Croissance en solution au voisinage de la température ambiante et à pression atmosphérique
C’est la situation la plus favorable pour la cristallogenèse en solution. Elle est adaptée aux cristaux à basse température de fusion comme les composés organiques (POM, NPP), organo-minéraux (2A5NPDP), et certains sels minéraux comme KDP. Cette méthode permet l’obtention de gros volumes de matière avec des vitesses de croissance élevées. En France, cette technique n’est plus maîtrisée que par très peu d’équipes (Institut Néel Grenoble).

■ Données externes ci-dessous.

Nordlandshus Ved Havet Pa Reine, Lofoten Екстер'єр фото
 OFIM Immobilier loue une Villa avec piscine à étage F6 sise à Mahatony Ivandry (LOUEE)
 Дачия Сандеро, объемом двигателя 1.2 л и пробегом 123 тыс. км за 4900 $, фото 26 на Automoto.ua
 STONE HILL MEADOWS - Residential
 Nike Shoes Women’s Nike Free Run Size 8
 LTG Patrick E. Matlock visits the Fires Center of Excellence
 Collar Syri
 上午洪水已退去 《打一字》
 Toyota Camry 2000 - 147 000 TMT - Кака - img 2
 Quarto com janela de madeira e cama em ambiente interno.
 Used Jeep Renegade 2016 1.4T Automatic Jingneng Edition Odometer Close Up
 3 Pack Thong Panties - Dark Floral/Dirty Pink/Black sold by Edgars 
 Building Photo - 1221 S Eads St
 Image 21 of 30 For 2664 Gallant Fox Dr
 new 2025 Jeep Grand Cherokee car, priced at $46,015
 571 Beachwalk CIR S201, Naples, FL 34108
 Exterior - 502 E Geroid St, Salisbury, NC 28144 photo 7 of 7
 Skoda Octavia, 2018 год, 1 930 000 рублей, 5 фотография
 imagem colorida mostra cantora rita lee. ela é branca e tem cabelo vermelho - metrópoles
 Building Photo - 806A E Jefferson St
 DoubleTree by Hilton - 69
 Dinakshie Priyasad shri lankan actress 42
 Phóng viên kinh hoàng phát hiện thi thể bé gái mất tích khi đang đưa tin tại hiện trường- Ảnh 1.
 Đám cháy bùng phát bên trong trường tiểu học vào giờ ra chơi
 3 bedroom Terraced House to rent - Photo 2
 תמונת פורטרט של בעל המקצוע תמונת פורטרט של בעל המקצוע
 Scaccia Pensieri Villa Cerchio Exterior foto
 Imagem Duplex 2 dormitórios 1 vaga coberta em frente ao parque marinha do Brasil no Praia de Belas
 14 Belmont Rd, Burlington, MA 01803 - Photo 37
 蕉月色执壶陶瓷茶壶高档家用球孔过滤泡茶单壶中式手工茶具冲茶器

Croissance en solution à haute température et à pression atmosphérique (flux)
La méthode des flux s’apparente à la technique Czochralski, la différence essentielle tenant à la dissolution du composé dans un solvant. Les températures n’excèdent généralement pas 1400°C. C’est la méthode utilisée pour la fabrication des cristaux massifs d’oxydes, phosphates et borates synthétiques à fusion non congruente comme KTiOPO4, BaTiO3, LiB3O5, ou à fusion congruente comme BaB2O4 et YAl3(BO3)4. C’est aussi la méthode utilisée dans la technique d’épitaxie en phase liquide (LPE) pour la fabrication de couches minces d’oxydes ou de fluorures comme Y3Al5O12, Y2SiO5, CaF2 et LiYF4. La méthode des flux nécessite une connaissance extrêmement précise des diagrammes de phase afin d’éviter la cristallisation de phases parasites qui rendent sa mise en oeuvre plus délicate que la technique Czochralski. C’est peut-être ce qui explique que peu de laboratoires maîtrisent cette méthode (ICMCB Bordeaux, Institut Néel Grenoble, CIMAP-MIL Caen, LCMCP-ENSCP Paris). Notons qu’un transfert de compétences a eu lieu, depuis l’ICB Dijon vers l’Institut Néel Grenoble, permettant de regrouper sur un même site une partie du savoir-faire français en cristallogenèse en solution hautes et basses températures.

Croissance en gel
C’est une méthode qui permet également de travailler au voisinage de la température ambiante. Le solvant est un milieu gélifié dont l’avantage est l’obtention de cristaux de très bonne qualité du fait d’un régime de croissance purement diffusif. Cette technique peut être utilisée pour la croissance de composés organiques et organominéraux, mais également pour certains minéraux. L’inconvénient de cette méthode est qu’elle ne permet pas actuellement d’obtenir des cristaux de grande dimension car les réacteurs de croissance ont un volume limité à quelques dizaines de cm3, ce qui correspond au volume typique pour lequel un gel est homogène (IMCMP Paris). Cette technique est surtout employée pour les films minces ; son avenir pour les cristaux massifs dépendra de l’augmentation du volume réactionnel compatible avec une bonne homogénéité compositionnelle.

Croissance hydrothermale
La croissance hydrothermale est probablement la technique la plus délicate à mettre en oeuvre car il faut être capable de gérer non seulement des températures relativement hautes (plusieurs centaines de degrés Celsius), mais également des pressions élevées qui peuvent atteindre plusieurs centaines d’atmosphères. C’est la méthode de croissance du quartz et de ses isotypes (LPMC Montpellier, ICMCB Bordeaux).